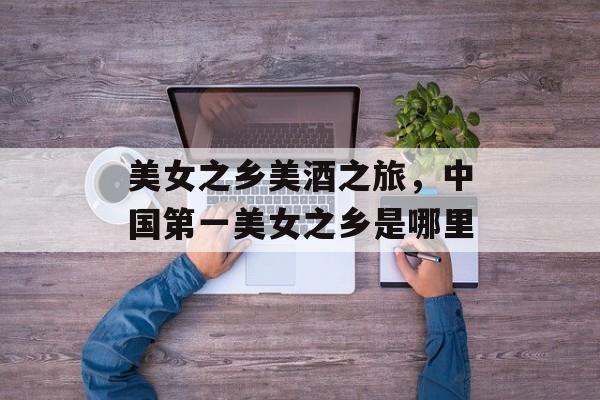 美女之乡美酒之旅，中国第一美女之乡是哪里-第1张图片-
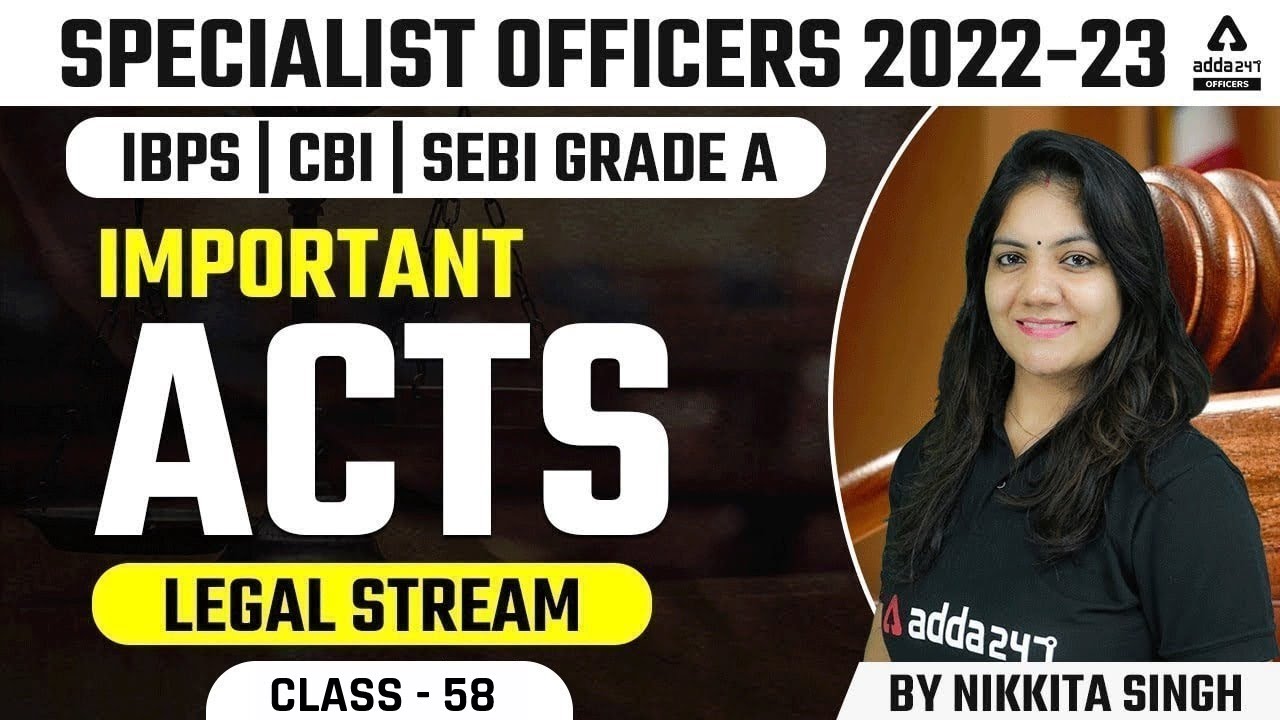 Specialist Officer 2022-23 | Law Officer | Legal Stream Acts | IBPS, CBI, SEBI, GRADE A Class #58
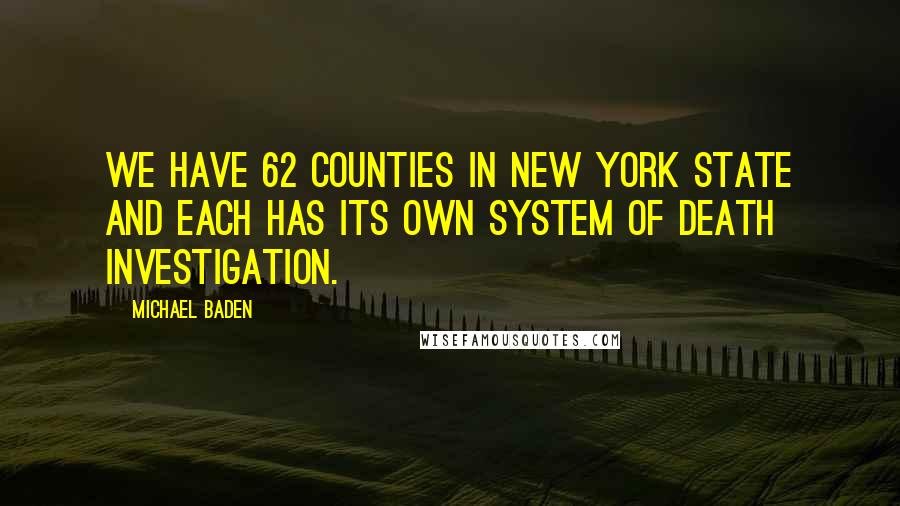 Michael Baden quotes: We have 62 counties in New York State and each has its own system of death investigation.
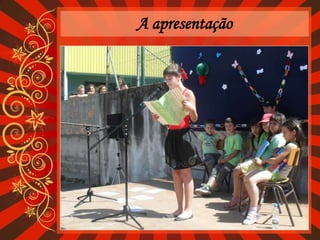 A apresentação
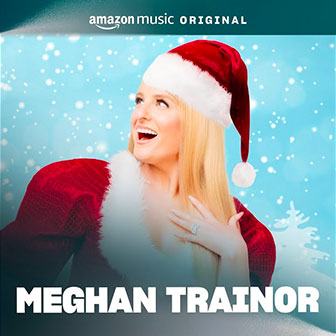 "Jingle Bells" by Meghan Trainor "Jingle Bells" by Meghan Trainor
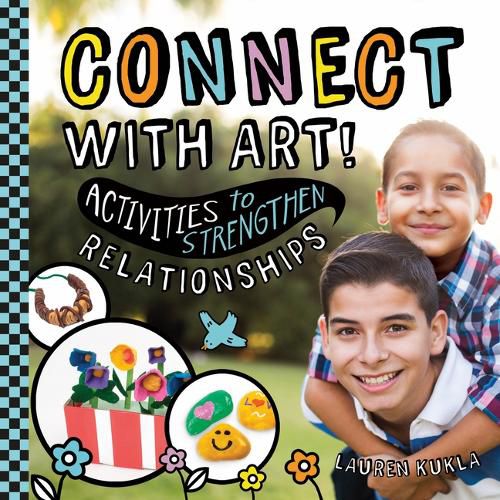 Connect with Art! Activities to Strengthen Relationships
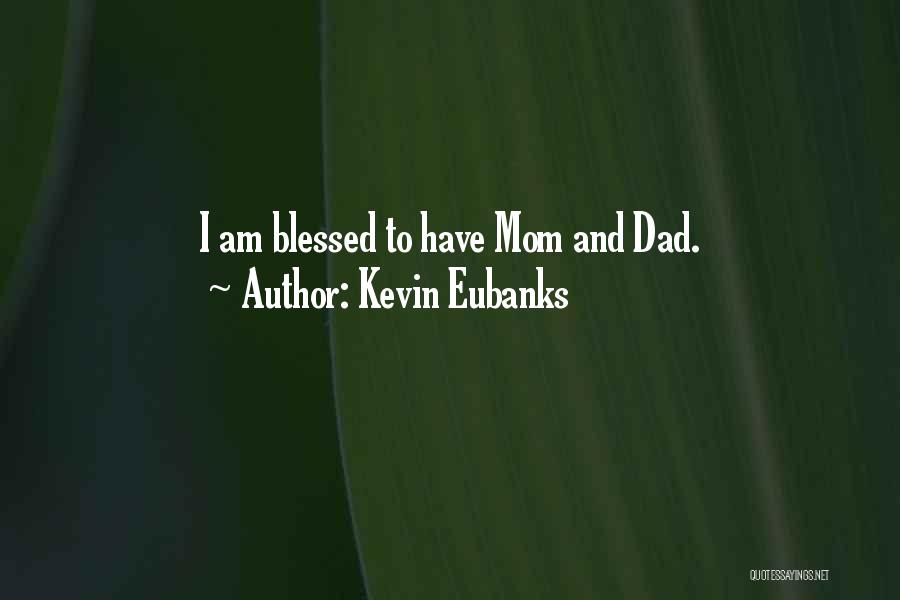 Kevin Eubanks Quotes: I Am Blessed To Have Mom And Dad.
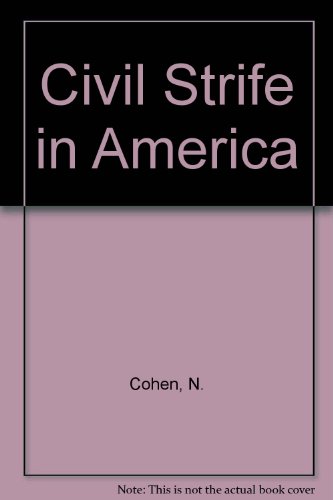 Imagen de archivo de Civil Strife in America;: A Historical Approach to the Study of Riots in America a la venta por Wonder Book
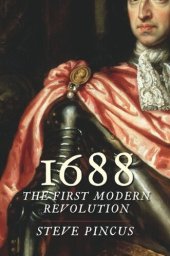 book 1688: The First Modern Revolution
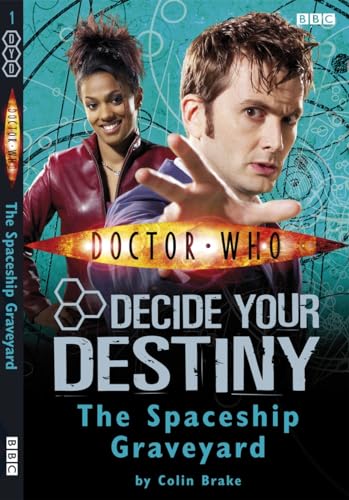 9781405903769: Doctor Who: The Spaceship Graveyard: Decide Your Destiny: Number 1: No. 1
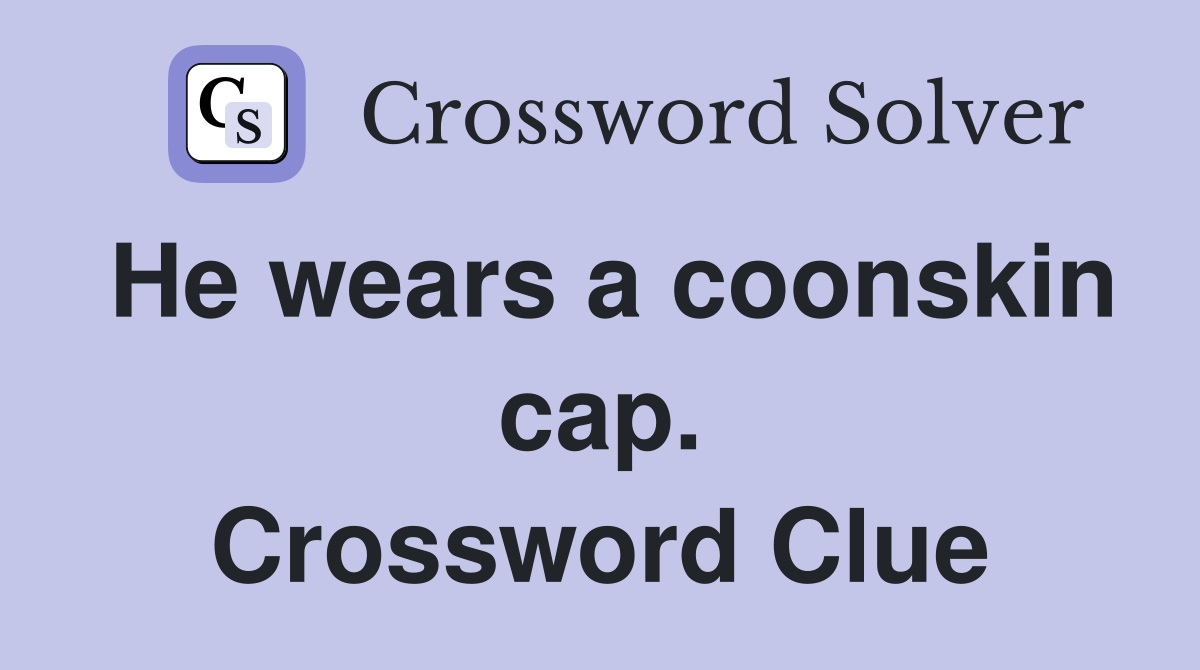 He wears a coonskin cap. Crossword Clue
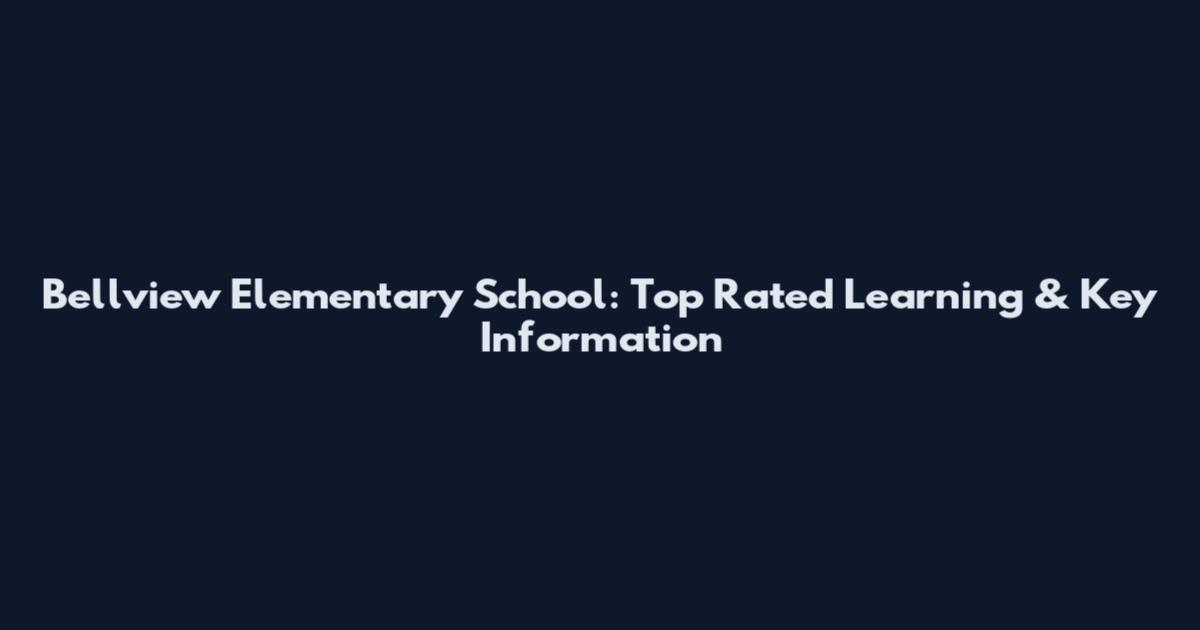 Bellview Elementary School: Top Rated Learning & Key Information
______________________________
**Work required:** Exact copy, no pictures: set down all the entries again as they stand.

**Your solution:**
 美女之乡美酒之旅，中国第一美女之乡是哪里-第1张图片-
 Specialist Officer 2022-23 | Law Officer | Legal Stream Acts | IBPS, CBI, SEBI, GRADE A Class #58
 Michael Baden quotes: We have 62 counties in New York State and each has its own system of death investigation.
 A apresentação
 "Jingle Bells" by Meghan Trainor "Jingle Bells" by Meghan Trainor
 Connect with Art! Activities to Strengthen Relationships
 Kevin Eubanks Quotes: I Am Blessed To Have Mom And Dad.
 Imagen de archivo de Civil Strife in America;: A Historical Approach to the Study of Riots in America a la venta por Wonder Book
 book 1688: The First Modern Revolution
 9781405903769: Doctor Who: The Spaceship Graveyard: Decide Your Destiny: Number 1: No. 1
 He wears a coonskin cap. Crossword Clue
 Bellview Elementary School: Top Rated Learning & Key Information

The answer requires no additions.